**Brief**. Reading the records below, find how many lines include the word "built" and give that number alone.

**Stored items**.
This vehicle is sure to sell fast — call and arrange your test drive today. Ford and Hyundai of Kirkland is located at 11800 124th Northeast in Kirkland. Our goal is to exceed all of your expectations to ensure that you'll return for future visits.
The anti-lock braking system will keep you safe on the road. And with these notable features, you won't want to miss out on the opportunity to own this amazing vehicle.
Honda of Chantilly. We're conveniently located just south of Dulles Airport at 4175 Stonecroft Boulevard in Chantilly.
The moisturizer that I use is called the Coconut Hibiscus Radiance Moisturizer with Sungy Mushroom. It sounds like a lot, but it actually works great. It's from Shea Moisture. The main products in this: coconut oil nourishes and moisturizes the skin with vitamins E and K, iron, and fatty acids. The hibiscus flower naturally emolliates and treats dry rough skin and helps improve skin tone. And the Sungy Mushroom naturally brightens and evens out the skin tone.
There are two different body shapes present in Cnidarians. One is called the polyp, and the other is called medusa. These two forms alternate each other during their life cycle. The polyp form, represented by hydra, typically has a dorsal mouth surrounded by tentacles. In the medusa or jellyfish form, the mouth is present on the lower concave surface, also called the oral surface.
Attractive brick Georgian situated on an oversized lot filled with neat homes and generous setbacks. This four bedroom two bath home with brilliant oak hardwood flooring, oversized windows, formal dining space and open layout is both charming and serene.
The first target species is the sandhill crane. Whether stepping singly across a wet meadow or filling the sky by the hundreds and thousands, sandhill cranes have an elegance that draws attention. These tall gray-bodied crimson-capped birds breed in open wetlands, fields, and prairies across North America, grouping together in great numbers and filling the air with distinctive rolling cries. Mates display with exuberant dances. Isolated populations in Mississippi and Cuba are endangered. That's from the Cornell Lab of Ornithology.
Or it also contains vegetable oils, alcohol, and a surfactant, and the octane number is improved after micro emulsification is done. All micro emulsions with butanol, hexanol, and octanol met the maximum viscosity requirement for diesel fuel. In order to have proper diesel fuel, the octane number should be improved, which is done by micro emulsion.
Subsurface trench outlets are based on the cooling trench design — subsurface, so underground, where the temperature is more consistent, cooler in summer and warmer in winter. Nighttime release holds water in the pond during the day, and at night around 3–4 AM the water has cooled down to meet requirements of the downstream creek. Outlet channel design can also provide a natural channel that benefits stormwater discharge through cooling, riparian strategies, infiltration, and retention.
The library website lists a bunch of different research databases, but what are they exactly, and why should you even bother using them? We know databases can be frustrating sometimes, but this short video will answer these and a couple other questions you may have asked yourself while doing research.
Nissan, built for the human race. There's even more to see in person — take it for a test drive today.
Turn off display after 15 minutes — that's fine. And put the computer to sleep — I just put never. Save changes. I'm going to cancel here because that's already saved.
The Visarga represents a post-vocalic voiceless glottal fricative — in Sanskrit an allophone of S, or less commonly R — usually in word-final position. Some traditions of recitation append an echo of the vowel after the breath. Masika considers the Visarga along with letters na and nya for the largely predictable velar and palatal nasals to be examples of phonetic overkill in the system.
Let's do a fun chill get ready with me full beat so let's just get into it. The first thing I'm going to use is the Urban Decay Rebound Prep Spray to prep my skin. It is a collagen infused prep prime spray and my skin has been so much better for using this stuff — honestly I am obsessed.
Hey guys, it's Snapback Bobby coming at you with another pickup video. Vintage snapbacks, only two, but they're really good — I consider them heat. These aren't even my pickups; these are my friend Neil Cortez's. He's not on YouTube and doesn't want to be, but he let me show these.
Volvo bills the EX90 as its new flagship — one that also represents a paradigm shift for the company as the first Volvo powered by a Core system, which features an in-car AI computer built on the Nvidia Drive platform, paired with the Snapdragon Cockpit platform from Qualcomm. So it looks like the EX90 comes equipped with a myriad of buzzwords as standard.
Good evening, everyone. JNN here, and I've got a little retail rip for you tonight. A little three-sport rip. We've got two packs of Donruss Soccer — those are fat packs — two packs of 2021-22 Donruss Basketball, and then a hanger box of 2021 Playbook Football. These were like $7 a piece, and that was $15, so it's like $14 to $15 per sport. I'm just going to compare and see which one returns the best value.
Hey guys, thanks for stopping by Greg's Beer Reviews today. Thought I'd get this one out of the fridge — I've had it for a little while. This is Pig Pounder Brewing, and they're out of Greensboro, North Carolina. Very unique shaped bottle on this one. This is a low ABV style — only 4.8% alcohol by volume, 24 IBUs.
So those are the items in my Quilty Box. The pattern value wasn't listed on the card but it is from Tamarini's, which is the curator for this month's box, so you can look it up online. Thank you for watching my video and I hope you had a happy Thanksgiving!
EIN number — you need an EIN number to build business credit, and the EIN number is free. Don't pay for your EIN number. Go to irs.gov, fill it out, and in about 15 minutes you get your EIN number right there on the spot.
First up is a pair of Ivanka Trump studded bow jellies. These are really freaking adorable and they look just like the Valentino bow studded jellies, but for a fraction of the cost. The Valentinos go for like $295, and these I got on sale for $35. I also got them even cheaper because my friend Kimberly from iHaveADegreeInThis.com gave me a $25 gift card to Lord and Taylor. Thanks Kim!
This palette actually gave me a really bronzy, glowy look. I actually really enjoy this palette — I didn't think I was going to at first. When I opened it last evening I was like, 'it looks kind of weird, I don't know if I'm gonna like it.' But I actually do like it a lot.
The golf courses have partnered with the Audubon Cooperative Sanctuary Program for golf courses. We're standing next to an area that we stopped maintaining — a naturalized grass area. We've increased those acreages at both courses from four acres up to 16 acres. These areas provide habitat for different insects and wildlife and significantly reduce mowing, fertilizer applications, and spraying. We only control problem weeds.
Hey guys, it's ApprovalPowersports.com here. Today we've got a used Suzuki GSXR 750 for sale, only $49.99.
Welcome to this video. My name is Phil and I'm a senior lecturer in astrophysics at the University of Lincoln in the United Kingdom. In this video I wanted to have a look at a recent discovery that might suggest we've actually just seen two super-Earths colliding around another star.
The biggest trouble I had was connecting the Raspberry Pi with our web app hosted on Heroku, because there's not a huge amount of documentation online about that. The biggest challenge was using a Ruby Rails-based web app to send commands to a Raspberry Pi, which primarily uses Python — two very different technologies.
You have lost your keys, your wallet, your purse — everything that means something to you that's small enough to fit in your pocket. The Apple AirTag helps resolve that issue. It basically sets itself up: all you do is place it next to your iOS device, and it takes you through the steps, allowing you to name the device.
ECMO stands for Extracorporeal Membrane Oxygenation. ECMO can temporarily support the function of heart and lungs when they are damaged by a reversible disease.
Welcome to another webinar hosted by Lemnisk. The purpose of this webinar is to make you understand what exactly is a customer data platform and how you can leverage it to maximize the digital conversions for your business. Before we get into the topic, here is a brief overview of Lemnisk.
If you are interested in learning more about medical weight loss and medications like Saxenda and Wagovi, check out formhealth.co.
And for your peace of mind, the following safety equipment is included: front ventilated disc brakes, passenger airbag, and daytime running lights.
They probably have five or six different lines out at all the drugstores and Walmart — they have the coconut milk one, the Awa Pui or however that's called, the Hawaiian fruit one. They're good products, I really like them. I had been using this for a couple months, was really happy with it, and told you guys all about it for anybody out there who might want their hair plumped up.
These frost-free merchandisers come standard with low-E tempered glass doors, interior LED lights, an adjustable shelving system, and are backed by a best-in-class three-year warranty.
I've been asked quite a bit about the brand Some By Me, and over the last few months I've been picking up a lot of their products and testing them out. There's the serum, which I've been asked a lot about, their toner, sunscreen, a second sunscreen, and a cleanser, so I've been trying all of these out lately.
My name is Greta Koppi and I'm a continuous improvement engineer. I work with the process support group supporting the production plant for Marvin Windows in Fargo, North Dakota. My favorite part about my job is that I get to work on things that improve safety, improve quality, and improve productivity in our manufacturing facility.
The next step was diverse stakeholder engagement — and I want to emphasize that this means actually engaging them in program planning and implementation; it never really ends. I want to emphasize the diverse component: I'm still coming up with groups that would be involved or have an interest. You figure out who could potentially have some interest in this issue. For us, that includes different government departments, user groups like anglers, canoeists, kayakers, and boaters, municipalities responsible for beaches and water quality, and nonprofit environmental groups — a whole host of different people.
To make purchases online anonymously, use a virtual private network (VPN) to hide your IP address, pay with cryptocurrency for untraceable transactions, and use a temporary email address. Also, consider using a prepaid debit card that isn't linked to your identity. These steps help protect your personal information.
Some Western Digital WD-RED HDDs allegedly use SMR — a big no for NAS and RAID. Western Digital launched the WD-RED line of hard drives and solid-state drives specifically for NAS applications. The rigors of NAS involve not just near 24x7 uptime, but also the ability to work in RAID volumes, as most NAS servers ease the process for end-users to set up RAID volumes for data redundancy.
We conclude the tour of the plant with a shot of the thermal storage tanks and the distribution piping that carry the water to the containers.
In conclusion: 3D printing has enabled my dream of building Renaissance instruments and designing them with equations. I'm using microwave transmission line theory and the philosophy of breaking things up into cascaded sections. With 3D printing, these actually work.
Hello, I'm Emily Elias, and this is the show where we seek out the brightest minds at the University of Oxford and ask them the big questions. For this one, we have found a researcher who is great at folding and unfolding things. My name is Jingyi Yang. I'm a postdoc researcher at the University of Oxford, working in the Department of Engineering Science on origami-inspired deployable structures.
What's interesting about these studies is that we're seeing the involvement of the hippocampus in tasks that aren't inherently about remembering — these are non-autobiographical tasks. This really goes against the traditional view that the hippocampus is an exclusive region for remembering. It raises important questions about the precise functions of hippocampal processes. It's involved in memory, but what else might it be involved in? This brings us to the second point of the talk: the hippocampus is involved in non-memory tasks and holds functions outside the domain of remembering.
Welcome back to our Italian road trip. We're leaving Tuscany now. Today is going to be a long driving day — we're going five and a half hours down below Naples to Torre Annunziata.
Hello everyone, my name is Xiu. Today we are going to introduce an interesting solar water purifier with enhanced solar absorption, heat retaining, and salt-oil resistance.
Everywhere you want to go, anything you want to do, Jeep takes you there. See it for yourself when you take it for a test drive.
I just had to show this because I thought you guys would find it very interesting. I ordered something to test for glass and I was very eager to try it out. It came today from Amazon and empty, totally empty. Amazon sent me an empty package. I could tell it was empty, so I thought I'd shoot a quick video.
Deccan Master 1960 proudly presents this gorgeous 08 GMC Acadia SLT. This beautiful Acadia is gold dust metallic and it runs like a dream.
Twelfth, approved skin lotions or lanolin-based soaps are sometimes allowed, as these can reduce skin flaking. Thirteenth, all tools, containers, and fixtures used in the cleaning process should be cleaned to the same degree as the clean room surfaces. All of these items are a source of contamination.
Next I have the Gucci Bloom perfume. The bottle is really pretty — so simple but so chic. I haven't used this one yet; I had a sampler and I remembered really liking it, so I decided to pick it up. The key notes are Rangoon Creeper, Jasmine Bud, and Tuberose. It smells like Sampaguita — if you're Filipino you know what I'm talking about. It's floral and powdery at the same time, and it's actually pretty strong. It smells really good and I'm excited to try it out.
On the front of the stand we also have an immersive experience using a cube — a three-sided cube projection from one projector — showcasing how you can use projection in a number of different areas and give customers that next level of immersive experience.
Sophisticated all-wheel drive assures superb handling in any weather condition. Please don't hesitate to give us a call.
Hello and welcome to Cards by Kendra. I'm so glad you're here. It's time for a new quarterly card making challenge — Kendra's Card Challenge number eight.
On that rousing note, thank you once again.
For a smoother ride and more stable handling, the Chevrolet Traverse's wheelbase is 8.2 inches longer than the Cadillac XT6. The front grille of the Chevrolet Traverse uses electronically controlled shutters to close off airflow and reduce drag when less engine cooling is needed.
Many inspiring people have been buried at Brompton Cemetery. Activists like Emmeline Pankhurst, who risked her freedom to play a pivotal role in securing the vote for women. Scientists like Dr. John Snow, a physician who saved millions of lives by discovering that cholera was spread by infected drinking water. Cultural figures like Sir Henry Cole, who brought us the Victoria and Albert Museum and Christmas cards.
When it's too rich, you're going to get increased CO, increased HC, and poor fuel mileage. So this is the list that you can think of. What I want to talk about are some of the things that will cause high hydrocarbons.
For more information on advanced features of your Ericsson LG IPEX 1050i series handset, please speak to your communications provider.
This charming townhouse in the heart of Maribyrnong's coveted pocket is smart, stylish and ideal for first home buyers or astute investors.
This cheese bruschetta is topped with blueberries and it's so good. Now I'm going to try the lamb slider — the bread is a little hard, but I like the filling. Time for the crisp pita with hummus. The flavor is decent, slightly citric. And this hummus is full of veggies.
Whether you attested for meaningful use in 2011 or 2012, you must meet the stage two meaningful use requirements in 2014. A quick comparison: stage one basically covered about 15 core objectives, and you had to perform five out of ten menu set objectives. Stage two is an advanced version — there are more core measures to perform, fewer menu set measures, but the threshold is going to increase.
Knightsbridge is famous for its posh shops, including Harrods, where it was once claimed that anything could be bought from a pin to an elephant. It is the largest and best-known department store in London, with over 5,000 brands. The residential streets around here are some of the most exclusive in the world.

**Written reply**. 2